Here is how I manage mission building objects. It evolved while I was doing some building work on a project.
1. Open a new mission and name it something like "Object template". The map you pick is a minor detail but a simple map with a lot of flat area helps. I will mention the only map drawback later.
2. On a flat area of the map, open the object viewer and starting wherever you desire, start laying out objects and grouping them by whatever category you will best remember them. For example, I have all the churches grouped together, English building, french buildings, pacific style buildings, factory stuff, wharves and docks including all the raised items to fit on top of docks.
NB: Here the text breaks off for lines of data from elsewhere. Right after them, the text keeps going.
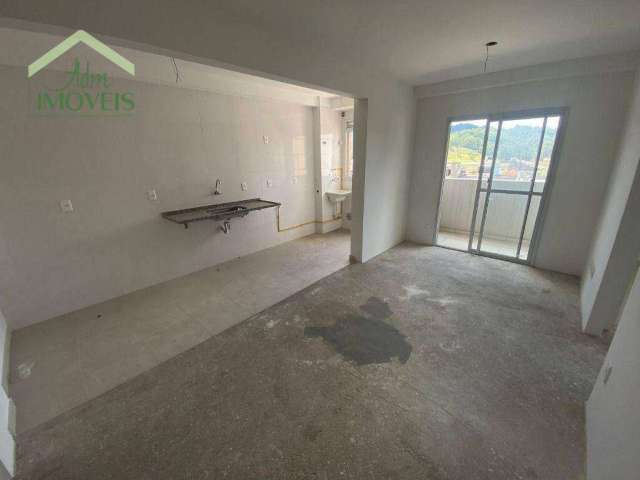 Apartamento com 2 dormitórios à venda, 52 m² por R$ 245.000,00 - Jardim Jaraguá - São Paulo/SP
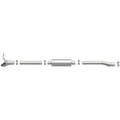 Magnaflow cat-back exhaust installed view
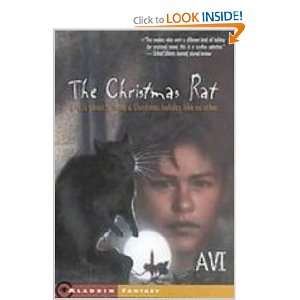  The Christmas Rat (9781439528174) Avi Books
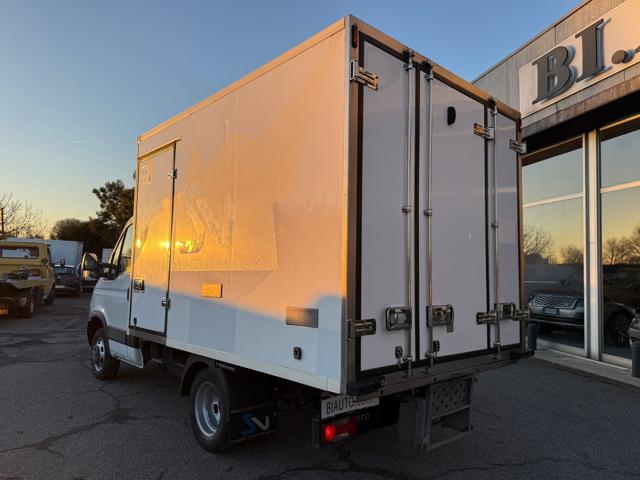 IVECO Daily usata, con Autoradio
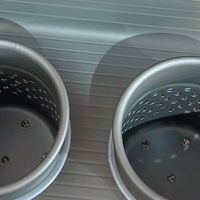 厨房台面清零✨一架搞定所有调料刀具筷子收纳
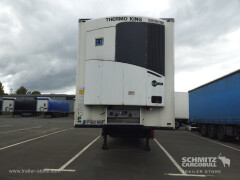 Schmitz Cargobull Semitrailer Reefer Standard Double étage 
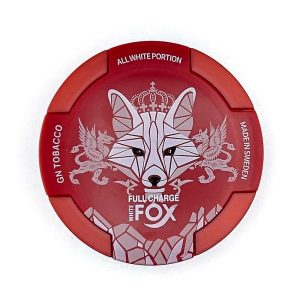 White Fox Full Charge 16mg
Roads and railroads with all the vehicles grouped in one area and trains and trains stuff. It sounds tedious but it can be done quicker is you take one short cut. For the long lists of items like personnel, ordnance and stuff that have many small variations, you can place just a few and when you need such an item, just select that item and your object viewer will 'jump' to that area of the object list.
3. Once assembled, save the mission.
Now when you have opened and saved a new mission you are starting to built, exit that new mission open the object template, select all the objects, copy them, re-open the new mission and paste the template of objects into a neutral area. Now when you need oil tanks, go to that collection in the template, select the tank you desire, move to the area you need it placed, click to place that object. Need a German soldier? Locate where a few soldiers group, select one, open the object viewer and your list has jumped to that area of the object list and you can now scroll till you find the one you specifically need.
Is it a perfect solution? It works for me. The only drawback is there are only so many objects that a video card will support and if you start placing objects but they have no textures, you have hit that point. Fortunately, since you will delete the object collection at the end, it is more a warning and you will lessen the object count when you delete the collection.
The only map selection consideration is if the map does not have an object in it's static.ini, it will not place on the map. This is a good way to detect such limitations on a map but it means if you build your template on a winter map or a pacific ocean only map and your mission is summer or Europe, some limitation of objects will exists that will frustrate mission building.
I hope my description of this method is not too convoluted to understand. It is not perfect but I found it over time (as I got use to my layout of objects) it became quicker than scrolling the viewer especially since it allowed me to 'grab, copy, paste' many similar objects I had grouped together) and arrange them (such as building a factory) rather than one object at a time.